对比看下 test.localhost是从/etc/hosts读到了数据
到这里大概知道问题范围了
现在需要问的问题是: 为什么从/etc/hosts 读不到 test.unknow.host
-
确认字符匹配
确实test.unknow.host字符找到了
-
从代码的角度看 解析有bug ? 了解了下 ping 会先调用 getaddrinfo 去获取 hostname的ip地址
#include <stdio.h>
#include <sys/types.h>
#include <sys/socket.h>
#include <netdb.h>
#include <arpa/inet.h>
int main(void) {
struct addrinfo* addr;
int result = getaddrinfo("test.localhost", NULL, NULL, &addr);
if (result != 0) {
printf("Error from getaddrinfo: %s\n", gai_strerror(result));
return 1;
}
struct sockaddr_in* internet_addr = (struct sockaddr_in*) addr->ai_addr;
printf("test.localhost is at: %s\n", inet_ntoa(internet_addr->sin_addr));
return 0;
}
尝试使用vscode去打断点后发现太复杂了。找不到具体的读取/etc/hosts的地方
遇事不决GPT
when to search /etc/hosts in
glibc-2.31/sysdeps/posix/getaddrinfo.c
of glibc2.31However, the search into /etc/hosts isn't directly specified in getaddrinfo.c. The resolution is abstracted in this file and the actual parsing of /etc/hosts is done in the files/ subdirectory of the nss (Name Service Switch) part of glibc.
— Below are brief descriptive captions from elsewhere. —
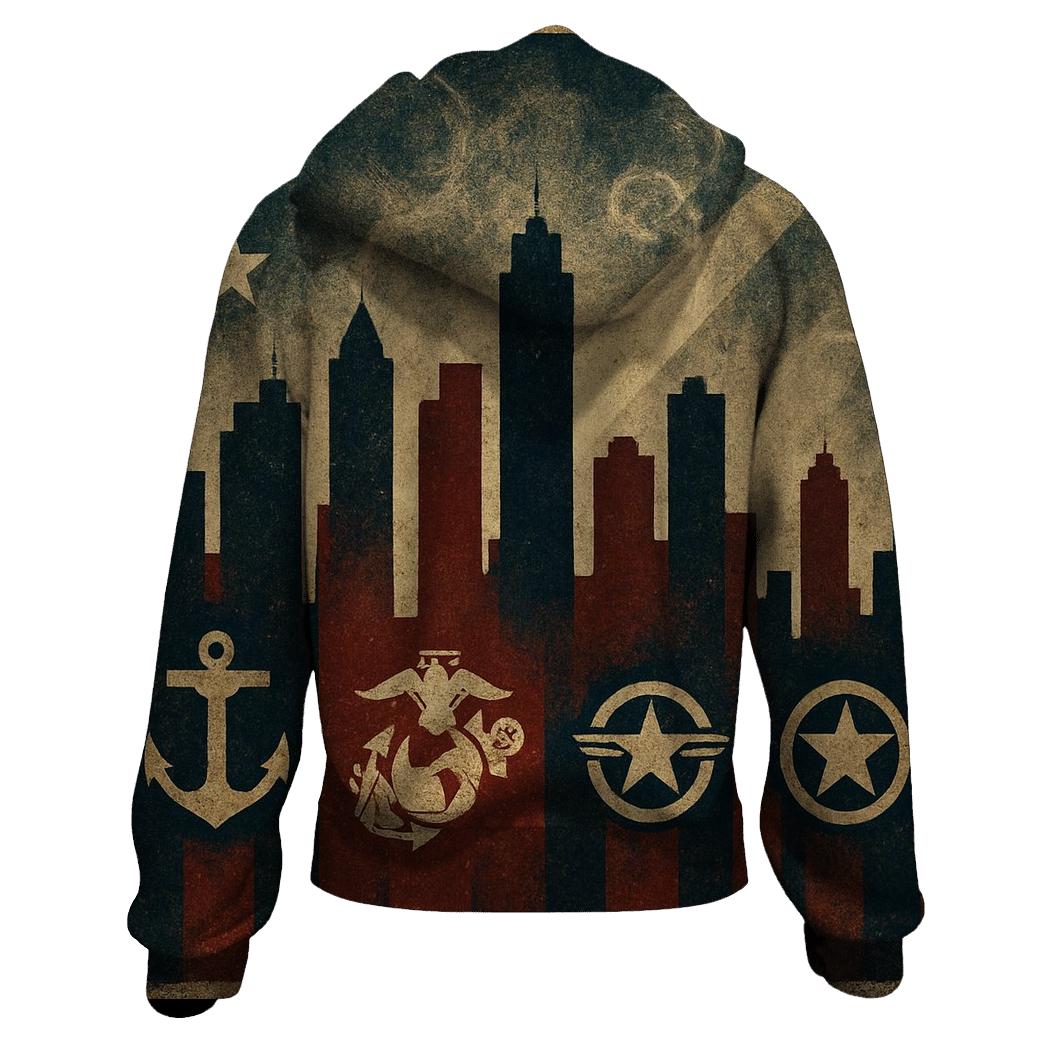 Valor Skyline Emblem custom hoodies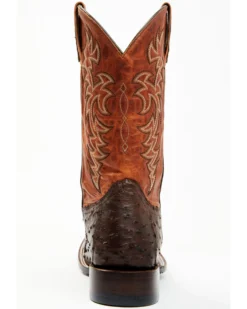 Cody James Men's Sienna Genuine Ostrich Exotic Western Boots - Broad Square Toe -Men's Western Denim Store 2000371861 200 P5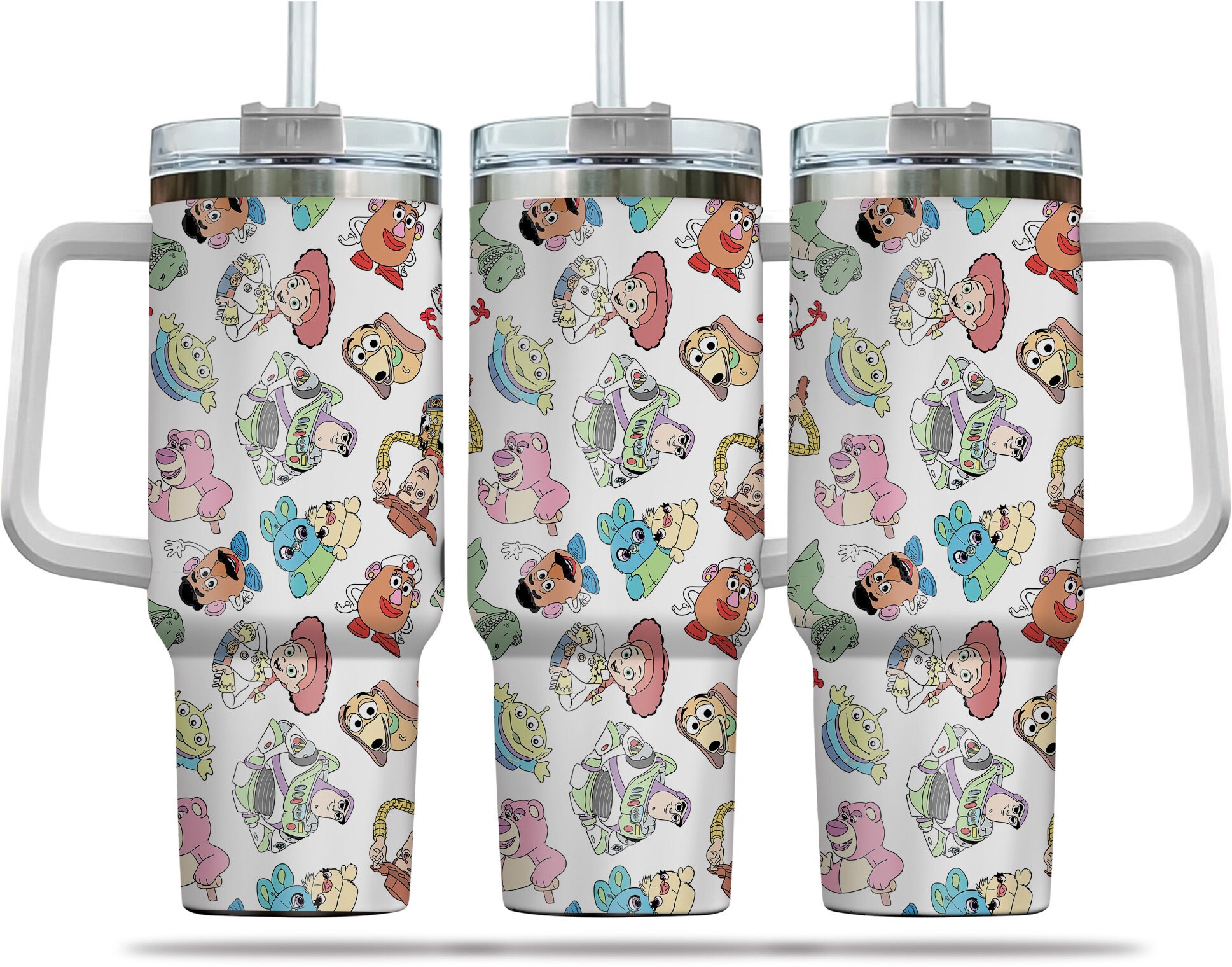 Toy Story Disney Cartoon Custom Stanley Cup 40 oz 30 oz Tumbler With HandleTVC2301973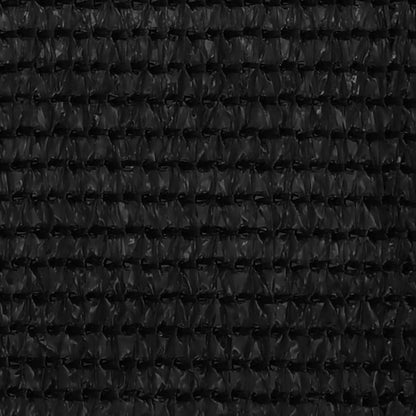 Balkonscherm 120x500 cm HDPE zwart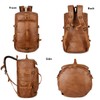 Baosha Stylish Vegan Leather Men Weekender Travel Duffel Tote Bag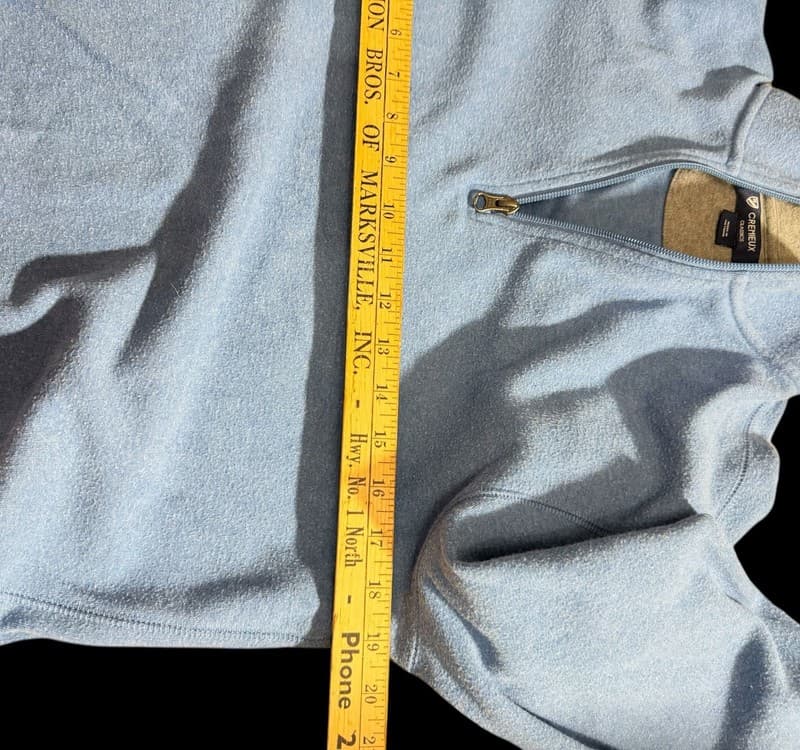 Cremieux Classics Men’s Quarter Zip Fleece Pullover Blue Size Small - Thumbnail 6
what file in nss directory
This is located via this path: nss/nss_files/files-hosts.c
which function ?
The primary function responsible for parsing the /etc/hosts file in glibc's nss_files/files-hosts.c is the gethostbyname3_r function.
continue
- 问:
this is content of /etc/hosts: -- 127.0.0.1 test.unknow.host why gethostbyname3_r can not reslove test.unknow.host?
- 答:
If gethostbyname3_r function can't resolve test.unknown.host, there might be several reasons behind it. Here are a few things you might want to check: 1. The entries in /etc/nsswitch.conf 2. The /etc/hosts file format 3. The system's DNS Caching 4. Environment Variables 5. Code Error 6. Permissions
continue
问
content of /etc/hosts ```127.0.0.1 test.unknow.host``` --- can u find the specific error
答:
The potential issues here could be: Non-ASCII Space: Between the IP address and the hostname, it is critical to use ASCII spaces
how to find Non-ASCII Space
LC_ALL=C grep -n '[^[:print:][:space:]]' /etc/hosts
总结
- 学习了 dns解析的路径,了解到还有nscd缓存服务
- 搭建了debug glibc的 环境 。